Introducing spaced examples during fine-tuning simplifies the patterns the model must learn, which improves the model's accuracy. During prediction, the model will generate the JSON with spaces, which you can then remove before parsing.
Summary
Generative ai offers a valuable approach to translating into a formatted language. By leveraging knowledge of the output structure, we can constrain the generative process, eliminating a class of errors and ensuring the executability of queries and the parsability of data structures.

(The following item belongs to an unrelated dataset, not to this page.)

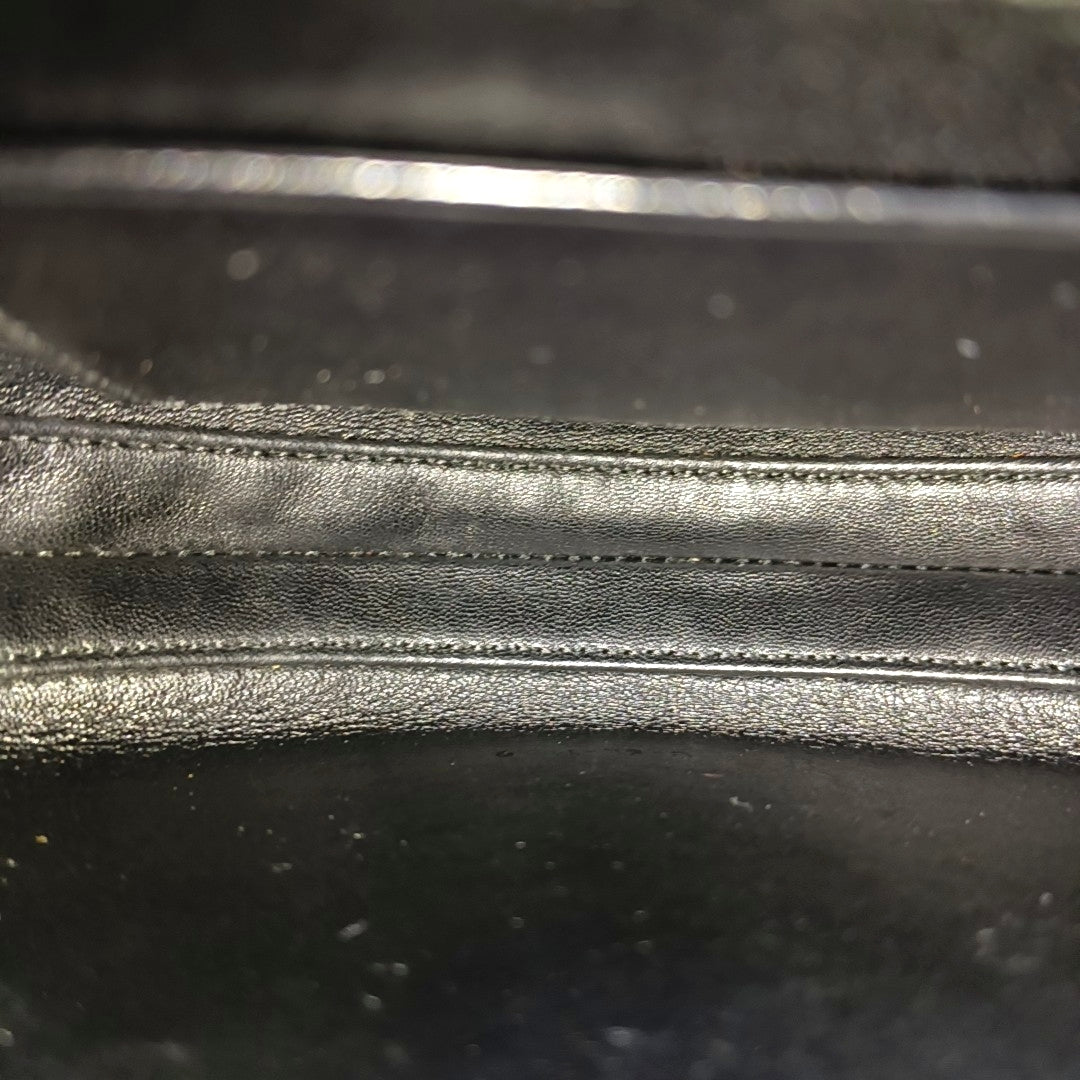 16 Small Calfskin Black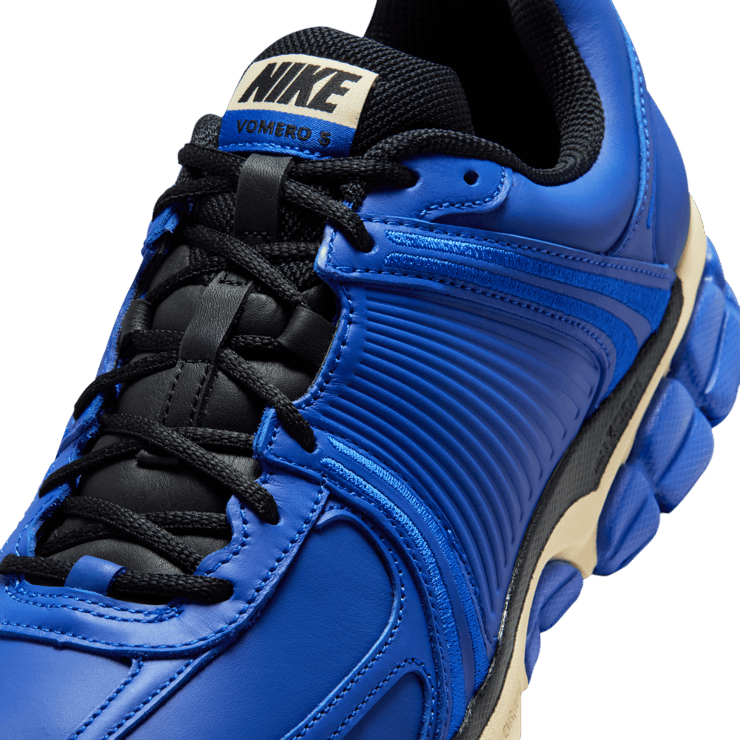 Nike Zoom Vomero 5 Swooshless Hyper Royal Angle 6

Additionally, these formats may use punctuation and keywords to indicate certain meanings. Ensuring that the tokenization of these keywords is consistent can dramatically reduce the complexity of the patterns the model has to learn, thereby reducing the required size of the model and its training time, while increasing its accuracy.
Structured generative ai can effectively translate natural language into any structured format. These translations allow the extraction of information from the text or the generation of queries, which is a powerful tool for many applications.